Records for processing:
━━━━━━

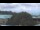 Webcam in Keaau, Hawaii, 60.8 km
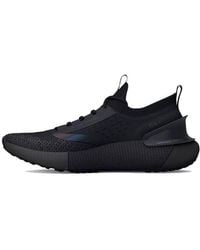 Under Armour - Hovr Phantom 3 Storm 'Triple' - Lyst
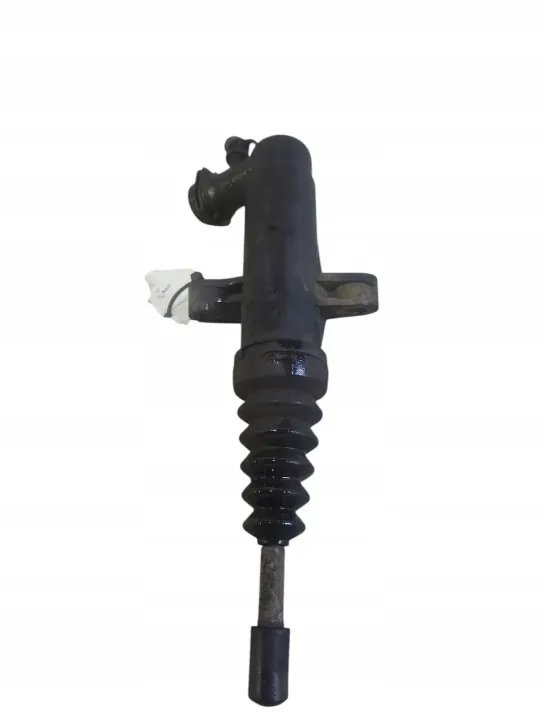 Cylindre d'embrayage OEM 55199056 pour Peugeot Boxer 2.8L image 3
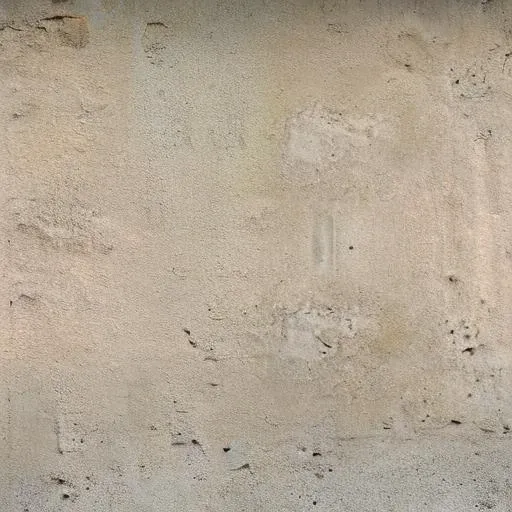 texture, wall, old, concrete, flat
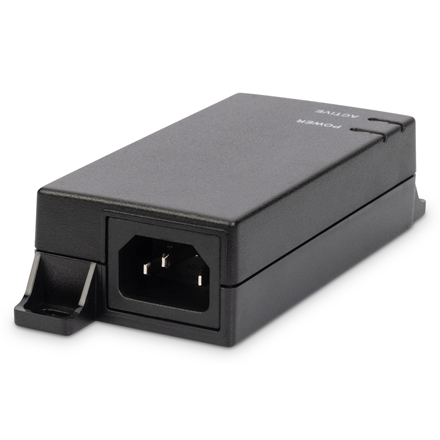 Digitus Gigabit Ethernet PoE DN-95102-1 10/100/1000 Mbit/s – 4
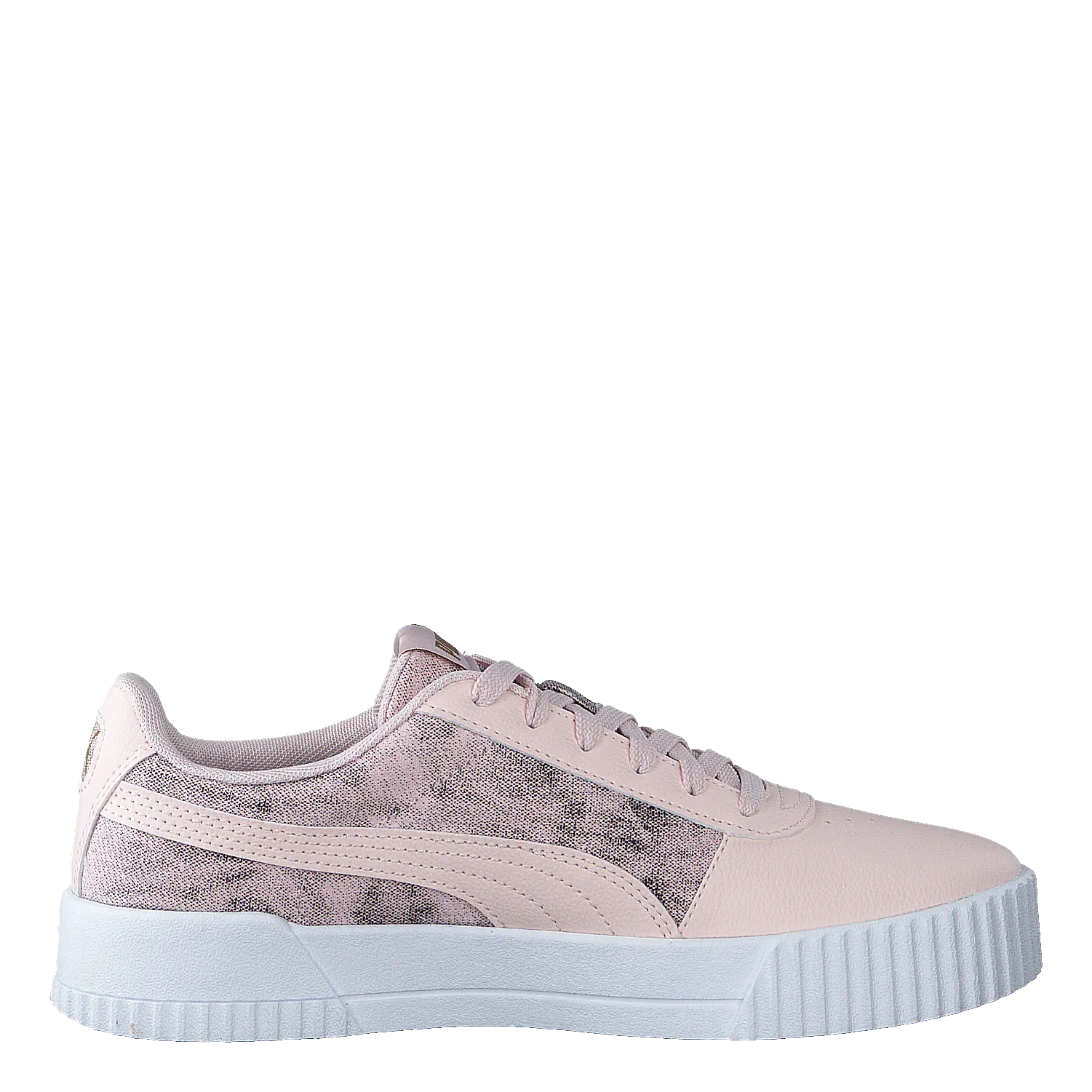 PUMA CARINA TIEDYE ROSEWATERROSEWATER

━━━━━━

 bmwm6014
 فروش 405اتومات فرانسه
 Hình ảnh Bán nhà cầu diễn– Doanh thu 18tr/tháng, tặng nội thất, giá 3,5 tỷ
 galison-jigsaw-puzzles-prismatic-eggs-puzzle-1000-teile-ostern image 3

━━━━━━

Exercise requirements:
Would you transcribe the lines above exactly, going from the line bearing "Webcam in Keaau, Hawaii, 60.8 km" through the line bearing "Digitus Gigabit Ethernet", and drop the pictures from the copy?

Written solution:
 Webcam in Keaau, Hawaii, 60.8 km
 Under Armour - Hovr Phantom 3 Storm 'Triple' - Lyst
 Cylindre d'embrayage OEM 55199056 pour Peugeot Boxer 2.8L image 3
 texture, wall, old, concrete, flat
 Digitus Gigabit Ethernet PoE DN-95102-1 10/100/1000 Mbit/s – 4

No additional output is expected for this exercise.